==== INPUT MATERIAL
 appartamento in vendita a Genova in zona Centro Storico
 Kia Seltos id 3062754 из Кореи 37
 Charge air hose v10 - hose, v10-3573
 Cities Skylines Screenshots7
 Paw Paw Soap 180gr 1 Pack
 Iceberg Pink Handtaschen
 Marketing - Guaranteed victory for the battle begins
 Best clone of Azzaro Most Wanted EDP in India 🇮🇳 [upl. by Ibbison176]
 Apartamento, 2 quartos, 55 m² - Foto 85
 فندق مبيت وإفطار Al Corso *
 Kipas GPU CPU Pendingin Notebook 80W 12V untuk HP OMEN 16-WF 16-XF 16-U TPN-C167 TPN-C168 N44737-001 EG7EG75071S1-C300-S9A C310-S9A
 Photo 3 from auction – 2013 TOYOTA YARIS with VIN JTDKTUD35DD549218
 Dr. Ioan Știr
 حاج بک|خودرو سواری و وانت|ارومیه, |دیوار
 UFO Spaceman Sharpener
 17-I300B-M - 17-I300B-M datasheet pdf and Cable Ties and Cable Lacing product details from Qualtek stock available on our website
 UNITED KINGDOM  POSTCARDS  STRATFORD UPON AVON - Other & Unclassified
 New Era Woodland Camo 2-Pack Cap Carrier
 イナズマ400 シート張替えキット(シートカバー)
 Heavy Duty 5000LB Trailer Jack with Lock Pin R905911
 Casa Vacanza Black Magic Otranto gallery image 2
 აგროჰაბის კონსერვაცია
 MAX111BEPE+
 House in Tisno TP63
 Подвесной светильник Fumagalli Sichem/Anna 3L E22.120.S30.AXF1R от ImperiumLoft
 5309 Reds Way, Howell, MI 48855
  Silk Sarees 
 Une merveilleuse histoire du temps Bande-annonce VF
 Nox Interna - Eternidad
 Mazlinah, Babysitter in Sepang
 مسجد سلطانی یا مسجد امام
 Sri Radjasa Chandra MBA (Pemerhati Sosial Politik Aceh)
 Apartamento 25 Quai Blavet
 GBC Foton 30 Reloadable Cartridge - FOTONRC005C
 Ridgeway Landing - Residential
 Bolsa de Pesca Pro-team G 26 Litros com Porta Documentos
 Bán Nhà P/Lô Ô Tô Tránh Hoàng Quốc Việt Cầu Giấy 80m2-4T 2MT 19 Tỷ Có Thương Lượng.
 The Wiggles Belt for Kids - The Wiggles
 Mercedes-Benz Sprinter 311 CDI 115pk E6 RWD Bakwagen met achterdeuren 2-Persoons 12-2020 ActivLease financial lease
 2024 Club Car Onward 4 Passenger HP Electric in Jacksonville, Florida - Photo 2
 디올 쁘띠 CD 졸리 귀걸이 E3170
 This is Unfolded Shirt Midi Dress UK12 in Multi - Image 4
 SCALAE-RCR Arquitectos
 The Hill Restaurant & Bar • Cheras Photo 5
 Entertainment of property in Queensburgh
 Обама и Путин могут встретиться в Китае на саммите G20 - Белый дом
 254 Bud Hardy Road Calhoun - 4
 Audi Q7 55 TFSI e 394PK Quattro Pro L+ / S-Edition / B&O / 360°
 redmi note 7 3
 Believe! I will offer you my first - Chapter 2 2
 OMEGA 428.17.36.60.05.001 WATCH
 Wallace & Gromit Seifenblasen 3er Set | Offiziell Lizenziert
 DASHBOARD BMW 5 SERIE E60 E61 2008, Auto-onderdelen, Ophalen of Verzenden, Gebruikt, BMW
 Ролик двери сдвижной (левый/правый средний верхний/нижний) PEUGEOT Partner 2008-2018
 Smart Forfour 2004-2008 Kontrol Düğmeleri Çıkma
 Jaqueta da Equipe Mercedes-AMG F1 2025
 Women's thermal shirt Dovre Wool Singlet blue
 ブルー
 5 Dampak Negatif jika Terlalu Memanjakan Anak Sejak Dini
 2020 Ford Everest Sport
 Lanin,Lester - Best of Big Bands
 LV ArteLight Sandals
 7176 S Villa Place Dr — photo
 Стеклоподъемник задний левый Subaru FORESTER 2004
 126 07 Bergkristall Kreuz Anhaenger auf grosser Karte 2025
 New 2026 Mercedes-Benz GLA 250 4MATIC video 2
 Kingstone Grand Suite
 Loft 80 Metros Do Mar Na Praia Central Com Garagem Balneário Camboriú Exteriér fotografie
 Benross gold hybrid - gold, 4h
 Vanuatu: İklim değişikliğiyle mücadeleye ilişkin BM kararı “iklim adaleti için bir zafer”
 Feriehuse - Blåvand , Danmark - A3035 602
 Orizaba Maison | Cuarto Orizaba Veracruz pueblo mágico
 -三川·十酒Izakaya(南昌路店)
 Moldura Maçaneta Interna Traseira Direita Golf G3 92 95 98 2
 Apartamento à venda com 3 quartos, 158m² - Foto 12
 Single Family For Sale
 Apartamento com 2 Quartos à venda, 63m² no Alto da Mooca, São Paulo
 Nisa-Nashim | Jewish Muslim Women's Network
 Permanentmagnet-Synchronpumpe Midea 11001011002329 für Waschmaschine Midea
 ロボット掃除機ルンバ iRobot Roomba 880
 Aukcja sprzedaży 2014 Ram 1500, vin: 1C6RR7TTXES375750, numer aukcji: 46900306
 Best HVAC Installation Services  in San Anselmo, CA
========
HOW TO COMPLETE THIS TASK
Copy every line above without changes.

ANSWER SECTION
 appartamento in vendita a Genova in zona Centro Storico
 Kia Seltos id 3062754 из Кореи 37
 Charge air hose v10 - hose, v10-3573
 Cities Skylines Screenshots7
 Paw Paw Soap 180gr 1 Pack
 Iceberg Pink Handtaschen
 Marketing - Guaranteed victory for the battle begins
 Best clone of Azzaro Most Wanted EDP in India 🇮🇳 [upl. by Ibbison176]
 Apartamento, 2 quartos, 55 m² - Foto 85
 فندق مبيت وإفطار Al Corso *
 Kipas GPU CPU Pendingin Notebook 80W 12V untuk HP OMEN 16-WF 16-XF 16-U TPN-C167 TPN-C168 N44737-001 EG7EG75071S1-C300-S9A C310-S9A
 Photo 3 from auction – 2013 TOYOTA YARIS with VIN JTDKTUD35DD549218
 Dr. Ioan Știr
 حاج بک|خودرو سواری و وانت|ارومیه, |دیوار
 UFO Spaceman Sharpener
 17-I300B-M - 17-I300B-M datasheet pdf and Cable Ties and Cable Lacing product details from Qualtek stock available on our website
 UNITED KINGDOM  POSTCARDS  STRATFORD UPON AVON - Other & Unclassified
 New Era Woodland Camo 2-Pack Cap Carrier
 イナズマ400 シート張替えキット(シートカバー)
 Heavy Duty 5000LB Trailer Jack with Lock Pin R905911
 Casa Vacanza Black Magic Otranto gallery image 2
 აგროჰაბის კონსერვაცია
 MAX111BEPE+
 House in Tisno TP63
 Подвесной светильник Fumagalli Sichem/Anna 3L E22.120.S30.AXF1R от ImperiumLoft
 5309 Reds Way, Howell, MI 48855
  Silk Sarees 
 Une merveilleuse histoire du temps Bande-annonce VF
 Nox Interna - Eternidad
 Mazlinah, Babysitter in Sepang
 مسجد سلطانی یا مسجد امام
 Sri Radjasa Chandra MBA (Pemerhati Sosial Politik Aceh)
 Apartamento 25 Quai Blavet
 GBC Foton 30 Reloadable Cartridge - FOTONRC005C
 Ridgeway Landing - Residential
 Bolsa de Pesca Pro-team G 26 Litros com Porta Documentos
 Bán Nhà P/Lô Ô Tô Tránh Hoàng Quốc Việt Cầu Giấy 80m2-4T 2MT 19 Tỷ Có Thương Lượng.
 The Wiggles Belt for Kids - The Wiggles
 Mercedes-Benz Sprinter 311 CDI 115pk E6 RWD Bakwagen met achterdeuren 2-Persoons 12-2020 ActivLease financial lease
 2024 Club Car Onward 4 Passenger HP Electric in Jacksonville, Florida - Photo 2
 디올 쁘띠 CD 졸리 귀걸이 E3170
 This is Unfolded Shirt Midi Dress UK12 in Multi - Image 4
 SCALAE-RCR Arquitectos
 The Hill Restaurant & Bar • Cheras Photo 5
 Entertainment of property in Queensburgh
 Обама и Путин могут встретиться в Китае на саммите G20 - Белый дом
 254 Bud Hardy Road Calhoun - 4
 Audi Q7 55 TFSI e 394PK Quattro Pro L+ / S-Edition / B&O / 360°
 redmi note 7 3
 Believe! I will offer you my first - Chapter 2 2
 OMEGA 428.17.36.60.05.001 WATCH
 Wallace & Gromit Seifenblasen 3er Set | Offiziell Lizenziert
 DASHBOARD BMW 5 SERIE E60 E61 2008, Auto-onderdelen, Ophalen of Verzenden, Gebruikt, BMW
 Ролик двери сдвижной (левый/правый средний верхний/нижний) PEUGEOT Partner 2008-2018
 Smart Forfour 2004-2008 Kontrol Düğmeleri Çıkma
 Jaqueta da Equipe Mercedes-AMG F1 2025
 Women's thermal shirt Dovre Wool Singlet blue
 ブルー
 5 Dampak Negatif jika Terlalu Memanjakan Anak Sejak Dini
 2020 Ford Everest Sport
 Lanin,Lester - Best of Big Bands
 LV ArteLight Sandals
 7176 S Villa Place Dr — photo
 Стеклоподъемник задний левый Subaru FORESTER 2004
 126 07 Bergkristall Kreuz Anhaenger auf grosser Karte 2025
 New 2026 Mercedes-Benz GLA 250 4MATIC video 2
 Kingstone Grand Suite
 Loft 80 Metros Do Mar Na Praia Central Com Garagem Balneário Camboriú Exteriér fotografie
 Benross gold hybrid - gold, 4h
 Vanuatu: İklim değişikliğiyle mücadeleye ilişkin BM kararı “iklim adaleti için bir zafer”
 Feriehuse - Blåvand , Danmark - A3035 602
 Orizaba Maison | Cuarto Orizaba Veracruz pueblo mágico
 -三川·十酒Izakaya(南昌路店)
 Moldura Maçaneta Interna Traseira Direita Golf G3 92 95 98 2
 Apartamento à venda com 3 quartos, 158m² - Foto 12
 Single Family For Sale
 Apartamento com 2 Quartos à venda, 63m² no Alto da Mooca, São Paulo
 Nisa-Nashim | Jewish Muslim Women's Network
 Permanentmagnet-Synchronpumpe Midea 11001011002329 für Waschmaschine Midea
 ロボット掃除機ルンバ iRobot Roomba 880
 Aukcja sprzedaży 2014 Ram 1500, vin: 1C6RR7TTXES375750, numer aukcji: 46900306
 Best HVAC Installation Services  in San Anselmo, CA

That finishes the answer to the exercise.